Centerpiece

Scientists press for more biological corridors

Mexico

Mexico is using voluntarily conserved property such as this, a combination of ejido and private land in Jalisco state, to create biological corridors. (Courtesy photo)

As deforestation and other human-driven land-use changes rapidly fragment natural habitat around the world, it’s no wonder scientists are warning of a sixth mass extinction.

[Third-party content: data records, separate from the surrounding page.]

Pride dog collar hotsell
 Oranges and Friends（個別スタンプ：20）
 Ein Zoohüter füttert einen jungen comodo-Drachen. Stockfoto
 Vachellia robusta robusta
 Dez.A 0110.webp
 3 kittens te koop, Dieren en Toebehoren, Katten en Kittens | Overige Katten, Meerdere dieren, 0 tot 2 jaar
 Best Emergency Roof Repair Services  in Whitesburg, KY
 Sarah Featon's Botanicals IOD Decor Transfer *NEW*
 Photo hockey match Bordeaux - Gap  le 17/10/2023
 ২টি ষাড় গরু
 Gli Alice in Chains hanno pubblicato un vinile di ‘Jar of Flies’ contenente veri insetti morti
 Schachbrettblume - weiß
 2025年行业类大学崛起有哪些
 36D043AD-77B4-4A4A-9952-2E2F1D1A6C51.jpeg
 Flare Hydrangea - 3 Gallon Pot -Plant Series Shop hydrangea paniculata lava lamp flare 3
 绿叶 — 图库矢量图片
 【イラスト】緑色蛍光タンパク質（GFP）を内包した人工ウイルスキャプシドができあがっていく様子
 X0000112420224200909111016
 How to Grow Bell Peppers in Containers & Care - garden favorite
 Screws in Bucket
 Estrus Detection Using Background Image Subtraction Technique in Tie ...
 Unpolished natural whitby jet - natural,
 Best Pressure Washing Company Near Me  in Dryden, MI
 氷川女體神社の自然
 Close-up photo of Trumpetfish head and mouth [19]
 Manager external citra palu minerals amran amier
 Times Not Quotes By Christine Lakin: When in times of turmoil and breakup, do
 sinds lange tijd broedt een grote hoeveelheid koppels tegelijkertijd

Nor is it surprising they are calling increasingly for biological corridors, a conservation strategy recognized for over a half a century but not used anywhere near as widely as experts deem necessary.

Biological corridors connect two or more larger areas of habitat—ideally protected lands—to enable the movement of animals and plants between them, thereby strengthening the genetic diversity of flora and fauna in both locations.

To serve their purpose, the corridors can be “adjoining areas of secondary vegetation or non-intensive production,” says Juan Bezaury-Creel, director and founder of the nonprofit Mexican Biodiversity Foundation (FBD). Non-intensive production, such as agroforestry, can help ensure local livelihoods without disrupting the connectivity of flora and fauna, he notes. Activities such as monocrop agriculture, by contrast, destroy ecological connectivity and balance by creating a genetic barrier.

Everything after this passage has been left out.